Aristotle, we have already more than once seen, asserts emphatically his claim to originality as having been the first to treat these subjects theoretically, and to suggest precepts founded on the theory. On all important subjects (he remarks) the elaboration of any good theory is a gradual process, the work of several successive authors. The first beginnings are very imperfect and rudimentary; upon these, however, subsequent authors build, both correcting and enlarging, until, after some considerable time, a tolerably complete scheme or system comes to be constructed. Such has been the case with Rhetoric and other arts. Tisias was the first writer and preceptor on Rhetoric, yet with poor and insufficient effect. To him succeeded Thrasymachus, next Theodorus, and various others; from each of whom partial improvements and additions were derived, until at length we have now (it is Aristotle that speaks) a copious body of rhetorical theory and precept, inherited from predecessors and accumulated by successive traditions. Compared with this, the earliest attempt at theory was indeed narrow and imperfect; but it was nevertheless the first step in a great work, and, as such, it was the most difficult and the most important. The task of building on a foundation already laid, is far easier.139

139 Soph. El. xxxiv. p. 183, b. 17-26: τῶν γὰρ εὑρισκομένων ἁπάντων τὰ μὲν παρ’ ἑτέρων ληφθέντα πρότερον πεπονημένα κατὰ μέρος ἐπιδέδωκεν ὑπὸ τῶν παραλαβόντων ὕστερον· τὰ δ’ ἐξ ὑπαρχῆς εὑρισκόμενα μικρὰν τὸ πρῶτον ἐπίδοσιν λαμβάνειν εἴωθε, χρησιμωτέραν μέντοι πολλῷ τῆς ὕστερον ἐκ τούτων αὐξήσεως· μέγιστον γὰρ ἴσως ἀρχὴ παντός, ὥσπερ λέγεται· διὸ καὶ χαλεπώτατον· ὅσῳ γὰρ κράτιστον τῇ δυνάμει, τοσούτῳ μικρότατον ὃν τῷ μεγέθει χαλεπώτατόν ἐστιν ὀφθῆναι· ταύτης δ’ εὑρημένης ῥᾷον προστιθέναι καὶ συναύξειν τὸ λοιπόν ἐστιν.

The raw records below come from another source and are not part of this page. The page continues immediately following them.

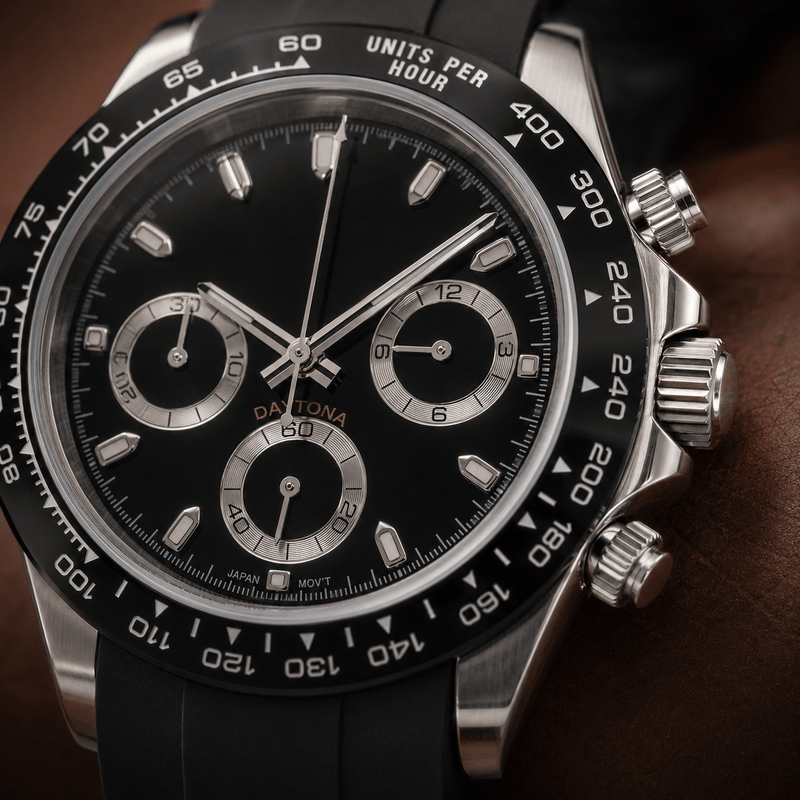 DAYTO MOD - BLACK RUBBER VK63 - MONTRE A PAPY - Montre automatique seiko mod Montre configuree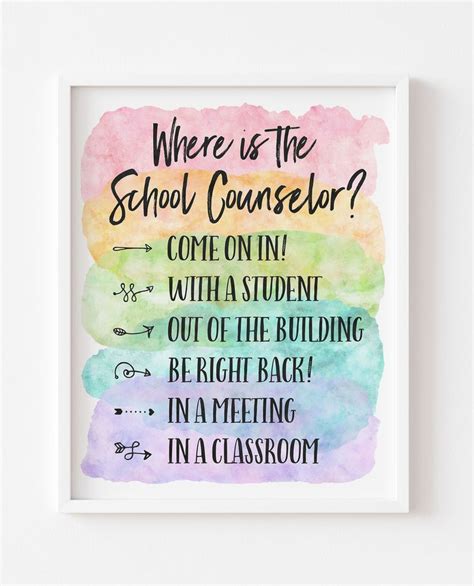 Where Is The School Counselor Classroom Printable Posters By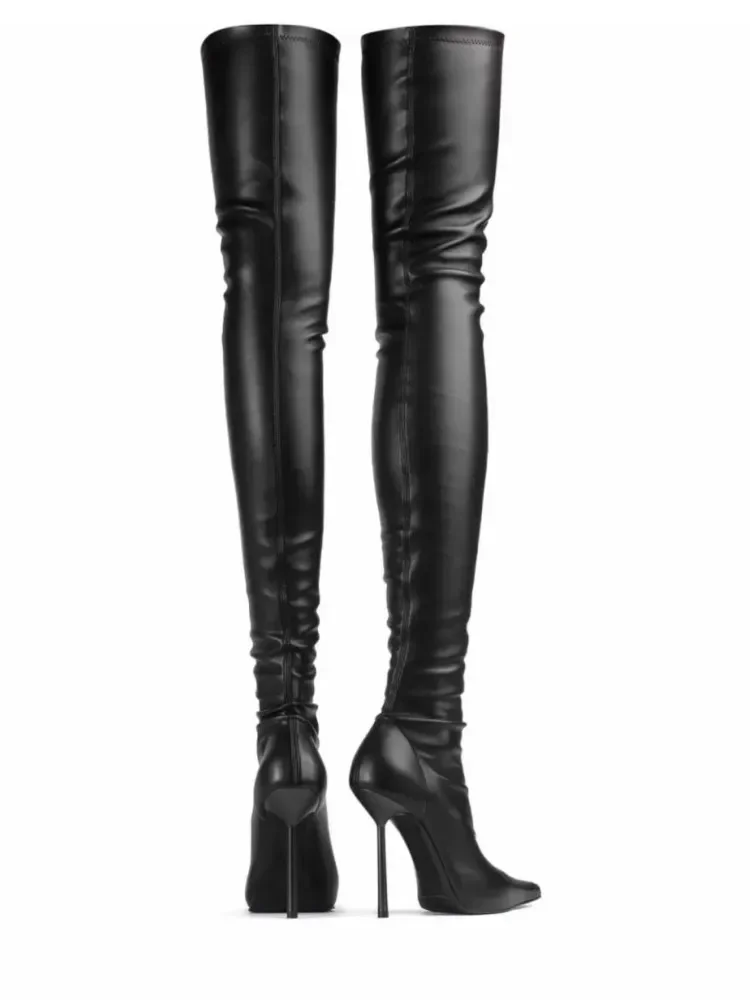 2026Women's New Autumn and Winter Slim Fit High Heels, Oversized Boots, Women's Pointed Elastic Slim Fit Leg Boots, Long Boots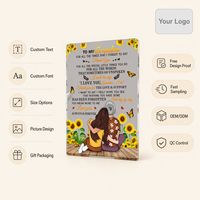 Plaque de remerciement personnalisée en acrylique transparent avec base en bois, motif tournesol pour grand-mère, décoration d'intérieur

While rhetorical theory has thus been gradually worked up to maturity, the case has been altogether different with Dialectic. In this I (Aristotle) found no basis prepared; no predecessor to follow; no models to copy. I had to begin from the beginning, and to make good the first step myself. The process of syllogizing had never yet been analysed or explained by any one; much less had anything been set forth about the different applications of it in detail. I worked it out for myself, without any assistance, by long and laborious application.140 There existed indeed paid teachers, both in Dialectic and in Eristic (or Sophistic); but their teaching has been entirely without analysis, or theory, or system. Just as rhetoricians gave to their pupils orations to learn by heart, so these dialectical teachers gave out dialogues to learn by heart upon those subjects which they thought most likely to become the topics of discourse. They thus imparted to their pupils a certain readiness and fluency; but they communicated no art, no rational conception of what was to be sought or avoided, no skill or power of dealing with new circumstances.141 They proceeded like men, who, professing to show how comfortable covering might be provided for the feet, should not teach the pupil how he could make shoes for himself, but should merely furnish him with a good stock of ready-made shoes — a present valuable indeed for use, but quite unconnected with any skill as an artificer. The syllogism as a system and theory, with precepts founded on that theory for Demonstration and Dialectic, has originated first with me (Aristotle). Mine is the first step, and therefore a small one, though worked out with much thought and hard labour: it must be looked at as a first step, and judged with indulgence. You, my readers, or hearers of my lectures, if you think that I have done as much as can fairly be required for an initiatory start, compared with other more advanced departments of theory, will acknowledge what I have achieved, and pardon what I have left for others to accomplish.142

140 Soph. El. xxxiv. p. 184, a. 8: καὶ περὶ μὲν τῶν ῥητορικῶν ὑπῆρχε πολλὰ καὶ παλαιὰ τὰ λεγόμενα, περὶ δὲ τοῦ συλλογίζεσθαι παντελῶς οὐδὲν εἴχομεν πρότερον ἄλλο λέγειν, ἀλλ’ ἢ τριβῇ ζητοῦντες πολὺν χρόνον ἐπονοῦμεν.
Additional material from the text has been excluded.